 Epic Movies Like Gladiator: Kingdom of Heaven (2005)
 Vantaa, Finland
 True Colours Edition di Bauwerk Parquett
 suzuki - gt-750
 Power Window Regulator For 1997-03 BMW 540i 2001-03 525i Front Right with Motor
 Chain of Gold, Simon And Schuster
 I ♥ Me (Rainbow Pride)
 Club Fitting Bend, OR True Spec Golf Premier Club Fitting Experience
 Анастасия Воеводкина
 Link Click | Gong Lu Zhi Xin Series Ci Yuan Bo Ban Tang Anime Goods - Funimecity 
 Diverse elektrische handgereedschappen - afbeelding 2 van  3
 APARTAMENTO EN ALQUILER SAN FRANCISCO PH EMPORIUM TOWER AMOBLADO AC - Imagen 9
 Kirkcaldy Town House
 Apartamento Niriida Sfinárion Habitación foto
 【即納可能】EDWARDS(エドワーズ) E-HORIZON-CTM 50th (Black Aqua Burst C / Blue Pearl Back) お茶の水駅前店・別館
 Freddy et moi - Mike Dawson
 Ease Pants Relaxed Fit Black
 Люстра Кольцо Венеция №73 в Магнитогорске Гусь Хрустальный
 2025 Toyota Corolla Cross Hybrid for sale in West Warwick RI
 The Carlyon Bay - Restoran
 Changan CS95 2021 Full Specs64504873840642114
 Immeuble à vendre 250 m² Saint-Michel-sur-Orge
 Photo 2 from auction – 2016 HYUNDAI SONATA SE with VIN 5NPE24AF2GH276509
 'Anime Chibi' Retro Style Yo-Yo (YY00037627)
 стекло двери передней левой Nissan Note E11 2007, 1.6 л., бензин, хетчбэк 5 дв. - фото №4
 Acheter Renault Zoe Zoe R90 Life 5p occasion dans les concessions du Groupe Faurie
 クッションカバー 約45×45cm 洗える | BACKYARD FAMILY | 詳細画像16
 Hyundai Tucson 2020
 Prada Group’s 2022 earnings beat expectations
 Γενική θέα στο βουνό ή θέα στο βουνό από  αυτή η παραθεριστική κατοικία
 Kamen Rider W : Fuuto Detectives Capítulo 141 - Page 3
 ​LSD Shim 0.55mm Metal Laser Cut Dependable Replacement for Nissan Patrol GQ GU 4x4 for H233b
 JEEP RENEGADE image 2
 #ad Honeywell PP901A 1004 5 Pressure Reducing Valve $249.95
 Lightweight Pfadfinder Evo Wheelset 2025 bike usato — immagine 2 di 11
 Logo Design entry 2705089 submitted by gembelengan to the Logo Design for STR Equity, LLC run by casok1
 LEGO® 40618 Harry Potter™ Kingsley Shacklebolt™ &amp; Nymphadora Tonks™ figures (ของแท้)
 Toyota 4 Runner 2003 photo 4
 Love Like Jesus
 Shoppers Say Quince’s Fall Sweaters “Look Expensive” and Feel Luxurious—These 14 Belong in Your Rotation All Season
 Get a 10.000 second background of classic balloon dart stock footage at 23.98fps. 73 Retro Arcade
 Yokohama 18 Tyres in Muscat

+===+

Description of the task>
The required answer is each line of the data in which the word "Nissan" appears.

Result of this exercise>
 стекло двери передней левой Nissan Note E11 2007, 1.6 л., бензин, хетчбэк 5 дв. - фото №4
 ​LSD Shim 0.55mm Metal Laser Cut Dependable Replacement for Nissan Patrol GQ GU 4x4 for H233b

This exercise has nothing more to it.